Tuesday, August 30, 2011

TUES 8/30: Film, Book, Hula, Rock

Yeah, not a bad variety for a Tuesday night...


TUES 8/30

Various Times
Double Feature: "Citizen Kane" & "The Devil and Daniel Webster"
at Brattle Theatre, 40 Brattle St, Cambridge (Harvard Sq)
$9.75 / $7.75 student / $6.75 senior

2:15pm, 7pm -- "Citizen Kane"
4:45pm, 9:30pm -- "The Devil and Daniel Webster"
On a beautiful day like this, I don't really recommend spending 4 1/2 hours in a dark theatre. On the other hand, it is "Citizen Kane".

The connection between the two films is iconic film composer Bernard Herrmann who created the score for both.

TUES 8/30

Tom Perrotta, "The Leftovers": Reading
at Porter Square Books, 25 White St, Cambridge (near Star Market)

Tom Perrotta has a new book, and I can say first-hand several have been enjoyable reads. A couple have been adapted into films ("Election", "Little Children"). I'd be willing to take a chance to hear some of his latest novel. (He lives in Belmont, which is kinda cool too.)

There's another local reading at Newtonville Books next Tuesday.

TUES 8/30

8pm to 10pm
Hula Workshop
at Johnny D's, 17 Holland St, Somerville (Davis Sq)

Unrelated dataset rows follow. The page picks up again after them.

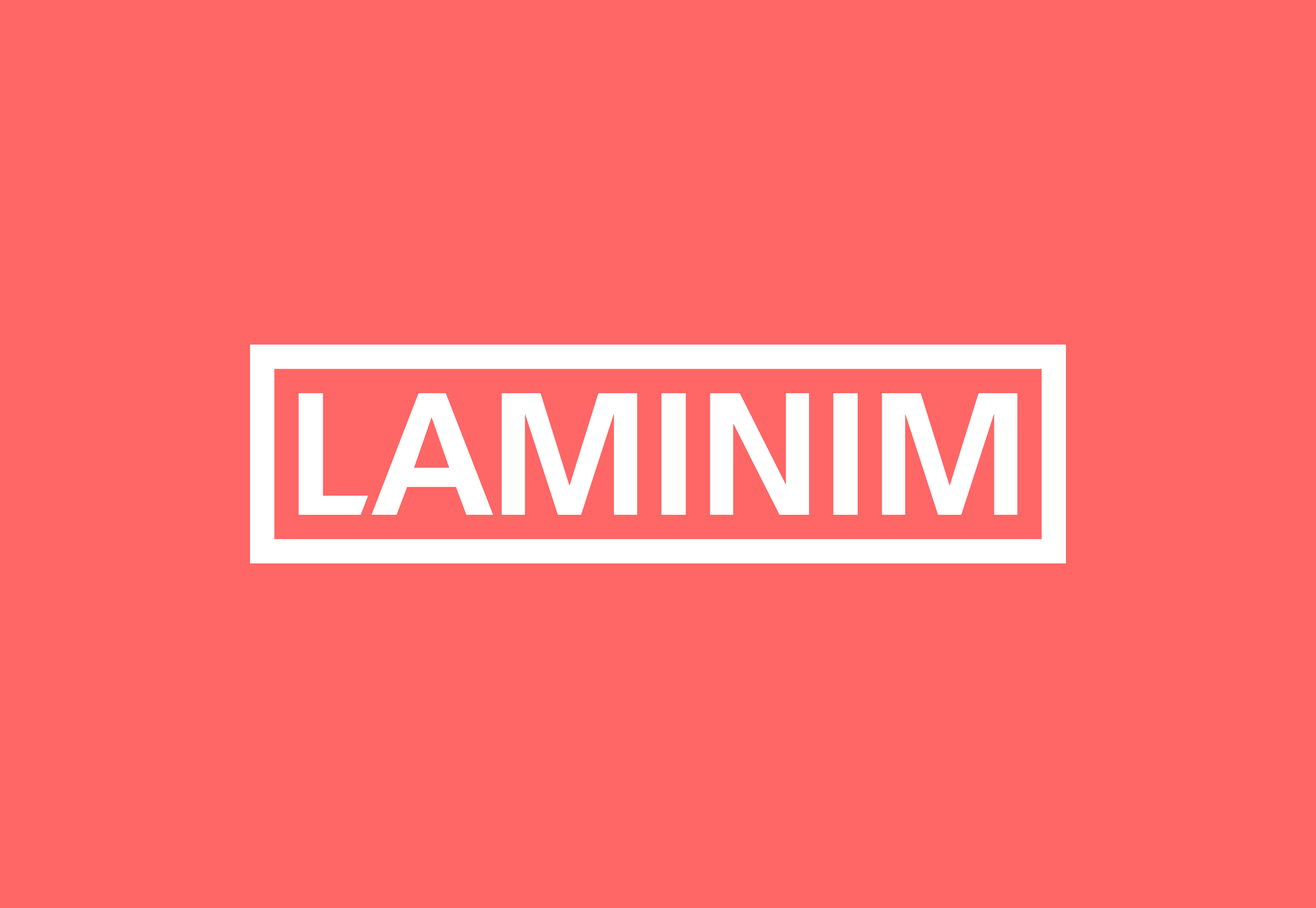 Laminim Screenshot 1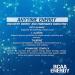 Evlution Nutrition BCAA Anytime Energy Powder - Pre Workout Powder with BCAAs Amino Acids Post Workout Recovery Drink Vitamin C Vitamin B12 Muscle Recovery Endurance (30 Servings Blue Raz V2) - Buy Online on GoSupps.com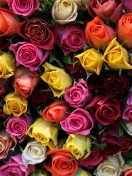 Sfondi Colorful Roses 132x176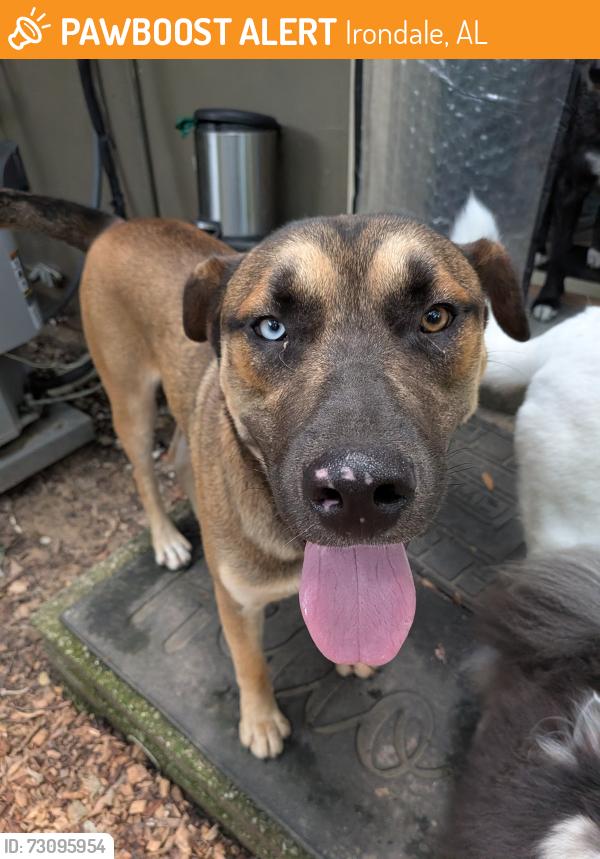 Found/Stray Male Dog last seen Ruffner Ballfields, Irondale, AL 35210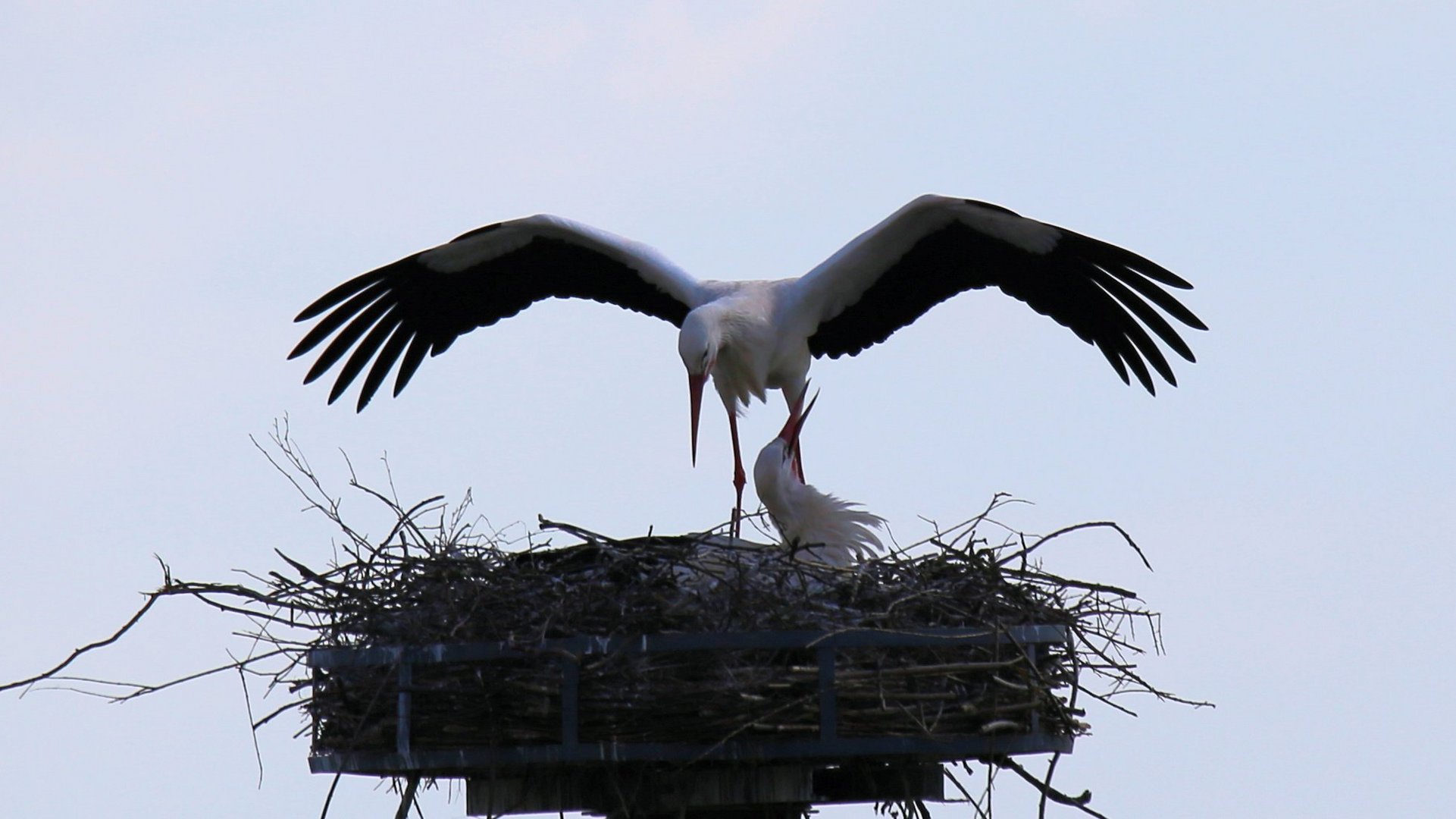 Bei der Rückkehr ins Nest..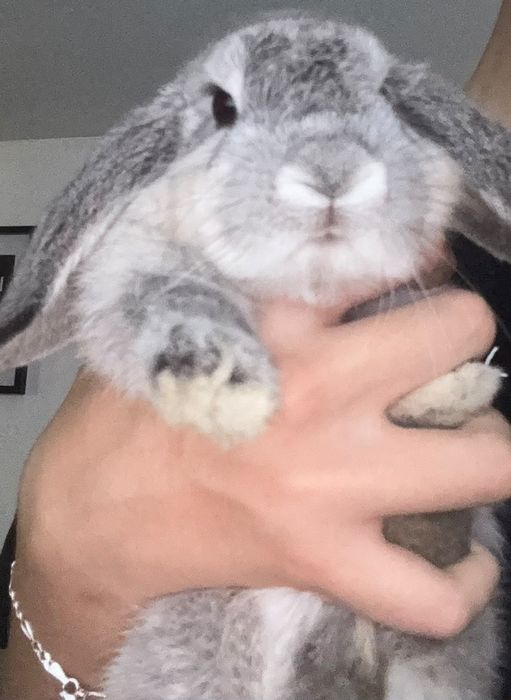 Donez iepurași rasa Holland Lop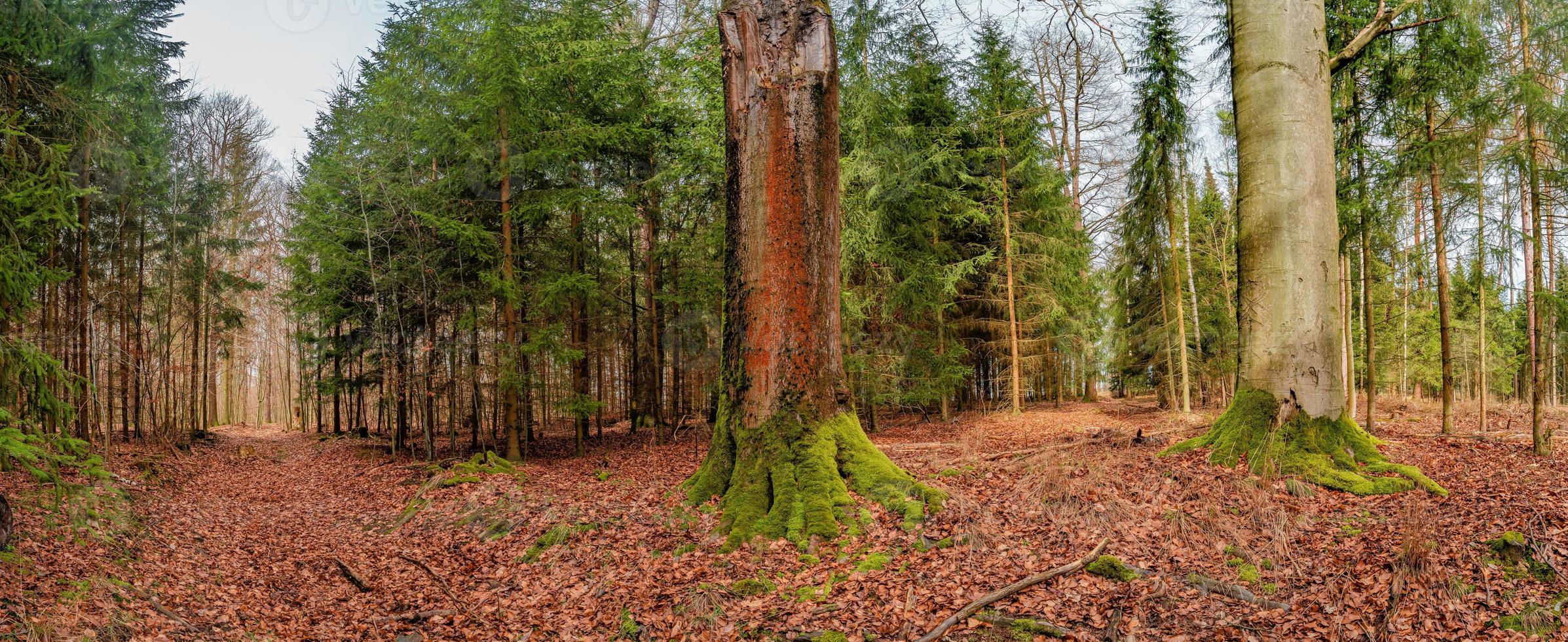 Panoramic view over a forest track in magical deciduous and pine forest with ancient aged trees covered with moss, Germany, at warm sunset Spring evening photo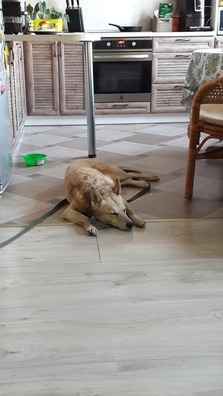 90441842_3009610749265439_3615734182531039232_n_logo.jpg 90441842_3009610749265439_3615734182531039232_n_logo.jpg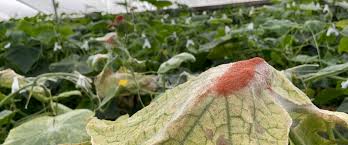 Image result for spider mites on cucumbers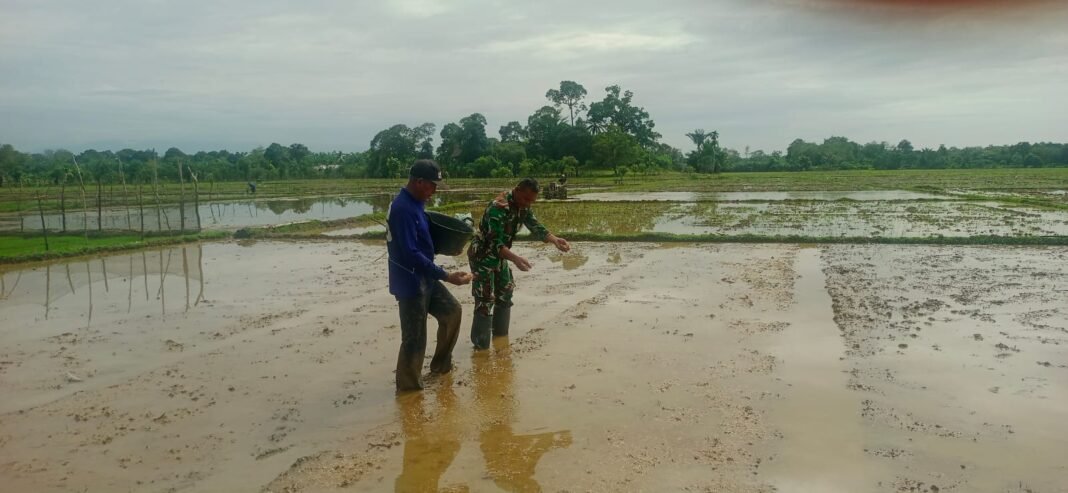 Babinsa Koramil 04/Meureubo Dampingi Petani Tabur Benih Padi Percepat Masa Tanam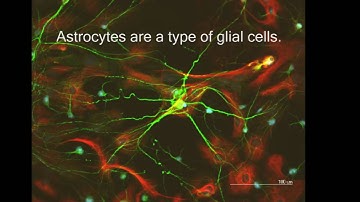 Neurons and Astrocytes: The Plot Thickens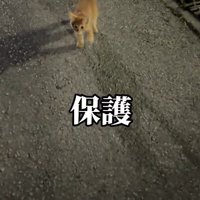 ついてくる子猫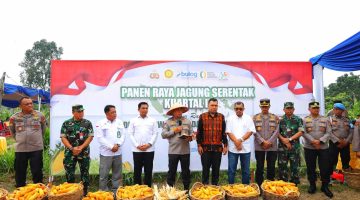 Kapolda Riau Pimpin Panen Raya Serentak Kuartal III 2025, untuk Ketahanan Pangan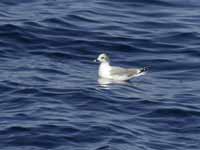 Mouette de Sabine Larus sabini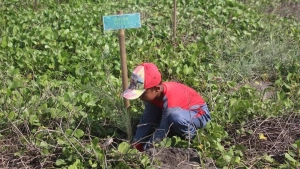 Gelar Karya P5 dengan Penanaman Cemara Laut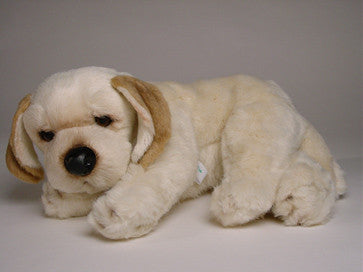 "Tuppence" Labrador Retriever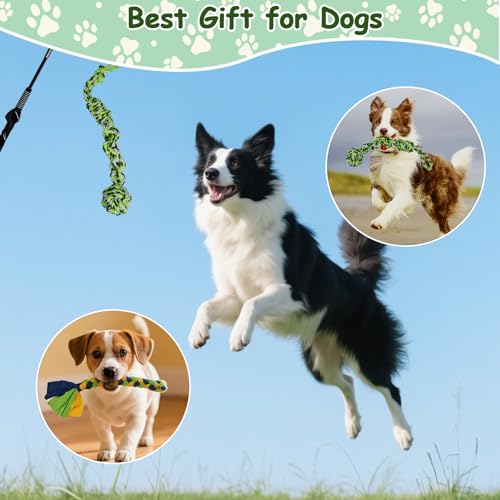 Flirt Pole for Dogs Heavy Duty, Interactive Chase & Tug of War Wand - color: green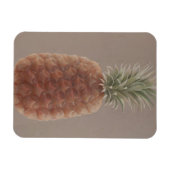 Ananas 2012 magnet (Horizontal)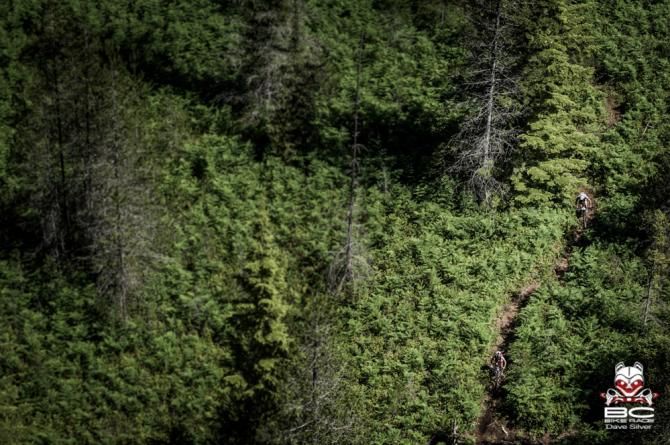 Car wash through the BC bush.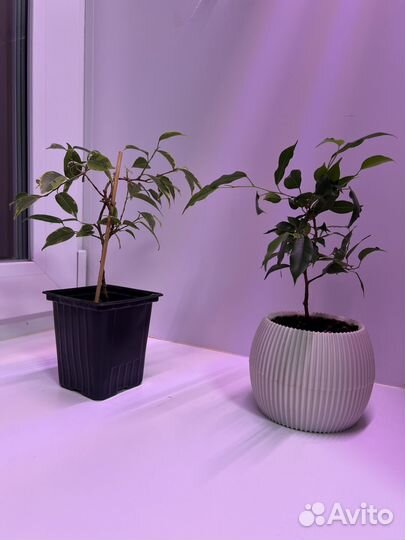 Фикус бенджамина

There are regular hula lessons down in Cranston, RI, where you can study with someone who learned in Hawaii and has been sharing her knowledge for a couple decades.

No one has to get up and join in, but you really want to learn a few moves. Don't you? Still it might be amusing to ask up the tunes and culture after a tropical storm has passed through town.

TUES 8/30

Pray For Polanski (12:15am), Klezwoods (11:15pm), Electric Simcha (10:15pm), Cradle To The Grave (9:15pm)
at TT the Bear's Place, 10 Brookline St, Cambridge (Central Sq)

It's a klezmer/rock arty in the middle of the week. Maybe your weekend fizzled out due to anticipated catastrophe. If you weren't seriously affected by Irene, there's no point in sitting home because others are flooded or have no power. Perhaps you should celebrate that you're doing alright.

The night goes from zero to 60 rather quickly with the punchy rock 'n roll of Cradle to the Grave. These guys have al played in other excellent bands to make a new rock attack.

From Philly comes the "old-school Hasidic punk rock" of Electric Simcha, as if the "new-school Hasidic punk rock" was running rampant... It's a strange chanting over Eastern European-influenced rock. The Klezwoods take a more traditional approach with loads of strings and horns, but they throw in a bunch of other bits for a fresh take.

I've been digging Pray for Polanski for a while, and they keep sharpening their twangy indie-rock sound. Until now, I didn't think they're cow-punk rhythms match well with a klezmer beat. If they offer up a performance like this clip from a year ago, you'll be glad for the late fun on a school night.